With passengers canceling flights and entire routes being canceled Delta’s already storing perfectly good airplanes in the desert to ride out this downturn.
Expect Delta to cut or suspend its dividend before the next regular dividend announcement date in late April.
Over the last several years, of the large, money center banks, Wells Fargo & Company (WFC) has faced the most turmoil.
The biggest scandal was opening new accounts for customers without their permission.

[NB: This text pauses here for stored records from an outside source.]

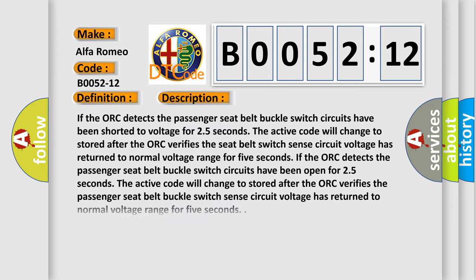And now this is a short description of this DTC code. If the ORC detects the passenger seat belt buckle switch circuits have been shorted to voltage for 2.5 seconds.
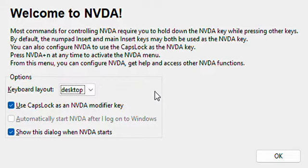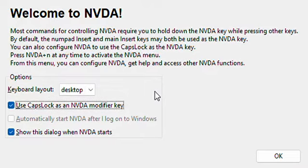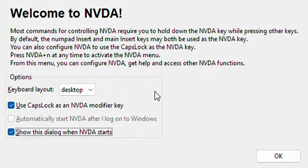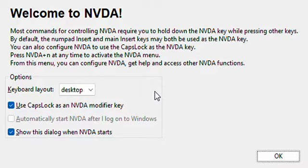Combo box: Desktop. Collapse — Alt plus K. Use chat, show this dialog when NVDA. OK button.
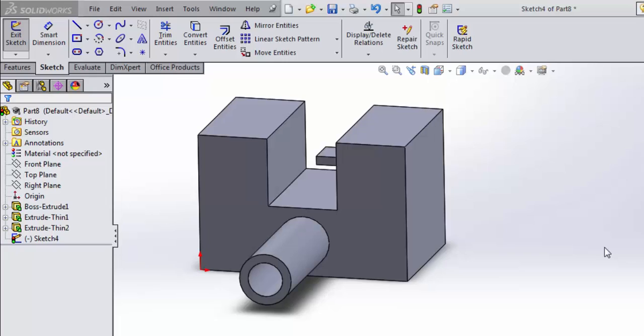Hi there and welcome back for some more tips on SOLIDWORKS. In our last video we talked about the extrude feature in SOLIDWORKS. Extruding is one of the most basic building blocks in SOLIDWORKS. I use it all the time for converting 2D sketches into 3D objects.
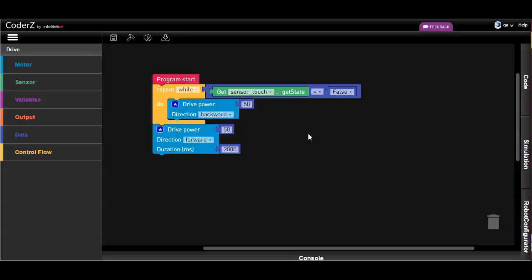When working with real robots, the configuration must match your hardware for programs to run correctly.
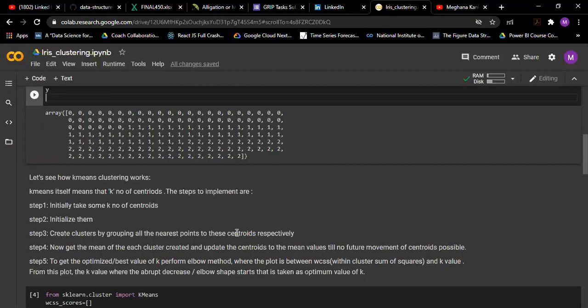After that we will be updating the position of centroids according to the mean value of the distances within the cluster, and we will be updating until no further movement of centroid is possible. After that we will have to find the optimized or best value of k using the elbow method.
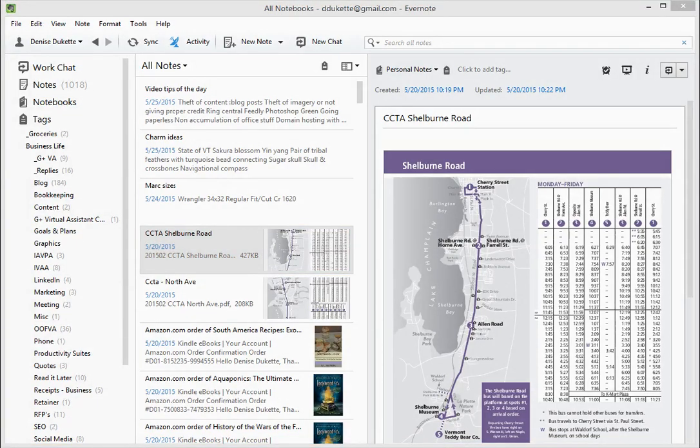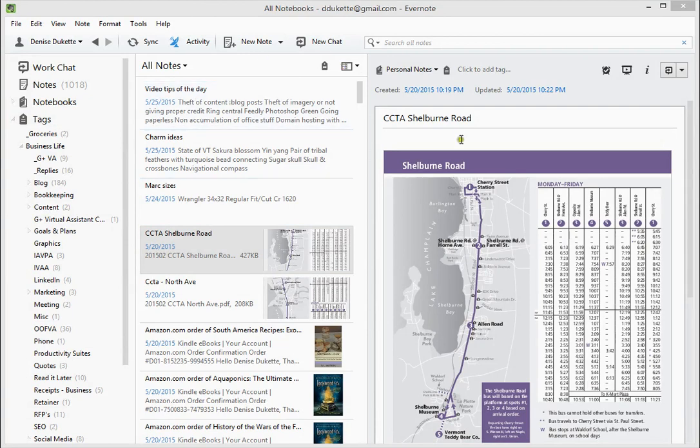Hey, this is Denise. For those of you looking to sort your notes in Evernote alphabetically, I'm looking at the desktop app right now because that's the one I use the most.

Lower interest rates and credit market volatility will put a big dent in bank profits. Wells has a new CEO, and I expect he will bite the bullet and use the current crisis as a reason to cut the dividend.
The WFC dividend has increased for nine straight years since coming out of the financial crisis.
The current yield is 7.25%. It’s not a yield to chase.
Lodging REIT Park Hotels & Resorts (PK) reduced its dividend in February but is still priced to yield 29%.
Lodging/hotel REITs are the one type of real estate investment trust that participates in the financial results of the hotels they own.
The hotels are typically run by hotel company operators such as Hilton and Marriott.
The hotel industry is shut down by the coronavirus pandemic, and the sector should receive financial help from the federal government.
However, to make a recovery work, I expect most of the lodging REITs to suspend dividend payments for a short time.